– А может, подожжем дом? – встрепенулась Элиза. Она, обыскивая помещение, нашла спиртовую настойку для суставов или других медицинских целей. Лизнула, горечь оказалась не омерзительной, и она выпила пузырек. – Спалим дачу, как она нашу. И огонь скроет все следы.
– Два пожара за такой короткий промежуток времени привлекут внимание органов и журналистов. А нам надо оставаться в тени.
Все с ней согласились. И потопали к дверям подвала.
– Можно, я останусь? – спросила Мара. – Помогу Тюле копать?
– Ладно, иди. Только лопат больше нет.
– Я видела кирку. Ею еще лучше крошить мерзлую землю.
Все понимали, что ей страшно спускаться. А Ленка при всем желании не могла сделать это. В итоге они втроем, Матвей, Алка и Элиза, волокли мертвое тело. При жизни Балу весила кило девяносто пять, а после смерти… Тонну!
Они бросили тело у крыльца. На снег. А чтоб не видеть страшной раны на шее и пустых глаз Балу, накрыли труп старым верблюжьим одеялом, пропитанным запахом сырости.
Мара с Дашкой копали. Но дело двигалось медленно.
– Хватит филонить! – рявкнула на Тюлю Матвей.
– Не кричи, – шикнула на нее Алка. – Вдруг кто услышит?
– Кто? Все дома темными стоят. Нет поблизости никого.
– И все равно давайте меньше шума издавать. Не картошку сажаем.
Матвей спорить не стала, отобрала кирку у Мары, у которой пот катился по лицу, а руки дрожали от напряжения, и стала углублять яму. При ней Тюля стала работать усерднее.
– Может, хватит? – спросила она через полчаса.
– Рой. Покойницу никто и никогда не должен найти. Когда снег начнет таять, почва поплывет, а в мае понаедут дачники с собаками, они разроют яму, если та окажется неглубокой.

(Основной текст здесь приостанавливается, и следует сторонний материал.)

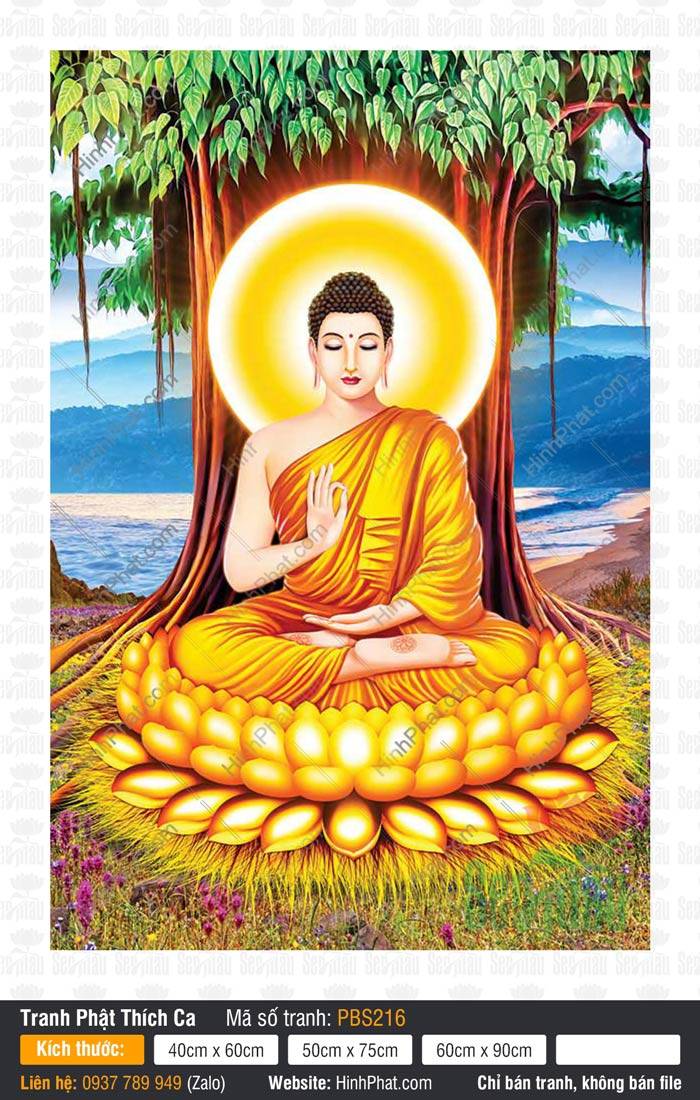 Phật Thích Ca Đẹp PBS216 Phật Thích Ca Đẹp PBS216 tọa thiền trên tòa sen vàng rực rỡ dưới tán cây Bồ Đề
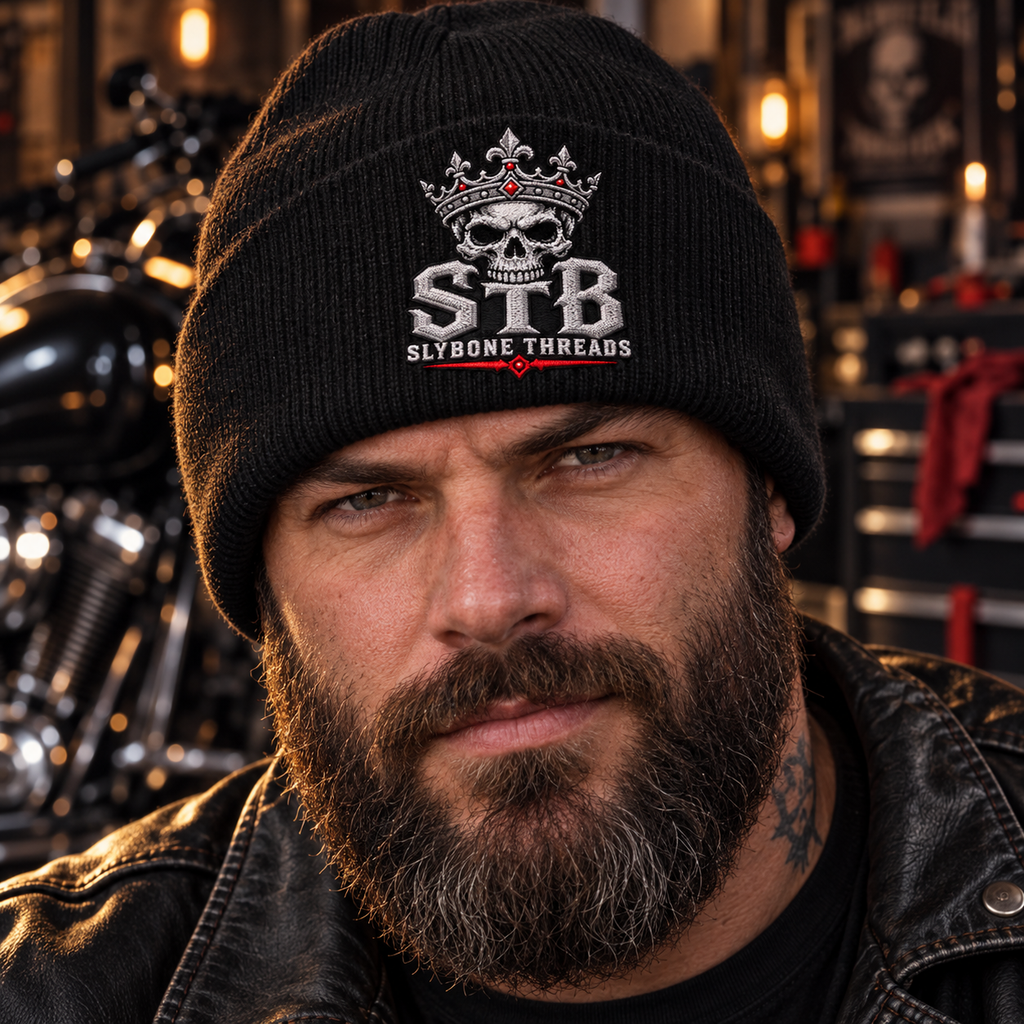 Embroidered Ribbed Beanie – STB Wrench Logo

Из дома, шатаясь, вышла Ленка. Она была в огромном тулупе Балу.
– Я бросила в печь сберкнижку, квитанции, – сказала она. – Личные вещи Балу, фотографии: ту, на котором она с Ядвигой и Коленькой, и портрет.
– Зачем? – спросила Элиза.
– Не знаю. Сначала думала, что так будет лучше, потому что рано или поздно Ядвигу найдут и будет какое-то следствие. А потом поняла: я просто хочу истребить все ее следы. Девочки, она моей скрипкой печку растапливала. Я нашла струны, – всхлипнула Ленка.